Study material:

>>

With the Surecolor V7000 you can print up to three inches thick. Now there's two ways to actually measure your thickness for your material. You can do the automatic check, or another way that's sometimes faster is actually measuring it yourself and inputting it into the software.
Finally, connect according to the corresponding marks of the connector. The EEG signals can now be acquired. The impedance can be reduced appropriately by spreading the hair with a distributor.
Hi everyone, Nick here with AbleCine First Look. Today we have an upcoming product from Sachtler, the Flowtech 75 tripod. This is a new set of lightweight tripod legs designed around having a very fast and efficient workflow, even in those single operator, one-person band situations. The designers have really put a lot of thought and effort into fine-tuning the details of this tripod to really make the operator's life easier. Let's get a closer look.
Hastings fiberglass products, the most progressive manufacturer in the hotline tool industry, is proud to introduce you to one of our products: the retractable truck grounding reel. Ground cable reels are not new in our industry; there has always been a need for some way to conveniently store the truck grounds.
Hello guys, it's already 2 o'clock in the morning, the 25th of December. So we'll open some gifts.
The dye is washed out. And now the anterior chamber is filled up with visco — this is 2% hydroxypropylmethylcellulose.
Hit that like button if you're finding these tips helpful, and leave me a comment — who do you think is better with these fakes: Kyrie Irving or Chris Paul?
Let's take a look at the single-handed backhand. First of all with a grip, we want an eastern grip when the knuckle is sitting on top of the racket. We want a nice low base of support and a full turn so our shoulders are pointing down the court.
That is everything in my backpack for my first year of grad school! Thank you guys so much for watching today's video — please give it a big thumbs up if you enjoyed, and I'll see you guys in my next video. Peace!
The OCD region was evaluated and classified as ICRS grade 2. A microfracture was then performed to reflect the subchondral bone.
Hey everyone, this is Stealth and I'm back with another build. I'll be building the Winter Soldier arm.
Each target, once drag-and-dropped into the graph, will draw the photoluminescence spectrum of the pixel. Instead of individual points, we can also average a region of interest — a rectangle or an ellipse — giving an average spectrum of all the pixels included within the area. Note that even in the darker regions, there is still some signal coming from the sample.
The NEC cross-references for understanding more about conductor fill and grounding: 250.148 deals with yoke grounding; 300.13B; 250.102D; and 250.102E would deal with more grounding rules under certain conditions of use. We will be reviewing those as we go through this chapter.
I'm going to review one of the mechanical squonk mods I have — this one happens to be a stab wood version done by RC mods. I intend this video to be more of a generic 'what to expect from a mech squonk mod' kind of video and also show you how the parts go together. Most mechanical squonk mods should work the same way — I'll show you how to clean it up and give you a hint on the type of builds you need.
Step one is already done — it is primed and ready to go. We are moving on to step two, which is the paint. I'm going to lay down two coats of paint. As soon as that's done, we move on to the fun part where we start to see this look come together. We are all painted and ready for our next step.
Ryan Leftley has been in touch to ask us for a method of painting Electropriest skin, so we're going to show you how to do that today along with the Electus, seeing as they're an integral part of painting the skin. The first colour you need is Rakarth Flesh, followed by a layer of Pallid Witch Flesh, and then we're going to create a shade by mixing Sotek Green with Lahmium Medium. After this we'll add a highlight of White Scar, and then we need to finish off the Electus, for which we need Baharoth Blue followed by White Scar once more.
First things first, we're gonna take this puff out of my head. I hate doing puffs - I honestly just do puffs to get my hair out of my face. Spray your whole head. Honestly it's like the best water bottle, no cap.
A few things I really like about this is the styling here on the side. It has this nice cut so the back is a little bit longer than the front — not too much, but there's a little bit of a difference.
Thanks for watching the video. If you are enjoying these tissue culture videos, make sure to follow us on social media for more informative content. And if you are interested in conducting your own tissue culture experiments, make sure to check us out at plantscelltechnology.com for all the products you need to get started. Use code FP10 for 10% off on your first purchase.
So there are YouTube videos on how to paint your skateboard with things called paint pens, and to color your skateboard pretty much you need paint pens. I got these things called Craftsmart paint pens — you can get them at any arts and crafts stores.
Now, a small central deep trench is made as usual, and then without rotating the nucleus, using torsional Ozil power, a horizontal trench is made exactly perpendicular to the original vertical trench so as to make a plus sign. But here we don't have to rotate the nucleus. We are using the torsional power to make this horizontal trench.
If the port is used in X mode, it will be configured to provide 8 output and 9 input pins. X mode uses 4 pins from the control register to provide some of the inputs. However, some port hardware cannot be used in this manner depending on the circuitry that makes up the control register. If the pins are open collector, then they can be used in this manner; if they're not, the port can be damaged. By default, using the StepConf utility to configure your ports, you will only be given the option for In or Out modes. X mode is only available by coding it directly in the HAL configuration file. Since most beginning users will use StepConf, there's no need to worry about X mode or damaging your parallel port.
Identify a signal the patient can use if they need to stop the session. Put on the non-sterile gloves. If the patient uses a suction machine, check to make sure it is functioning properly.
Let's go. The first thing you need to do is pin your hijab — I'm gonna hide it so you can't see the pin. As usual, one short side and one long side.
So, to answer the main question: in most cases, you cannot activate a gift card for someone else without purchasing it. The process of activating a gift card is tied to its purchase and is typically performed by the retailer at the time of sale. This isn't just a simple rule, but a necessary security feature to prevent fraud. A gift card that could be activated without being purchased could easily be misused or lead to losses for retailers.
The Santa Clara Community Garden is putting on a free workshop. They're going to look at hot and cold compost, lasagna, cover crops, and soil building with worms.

<<

Problem statement:
A single number is required: the count of lines in the material above that contain the word "check".

Reply:
3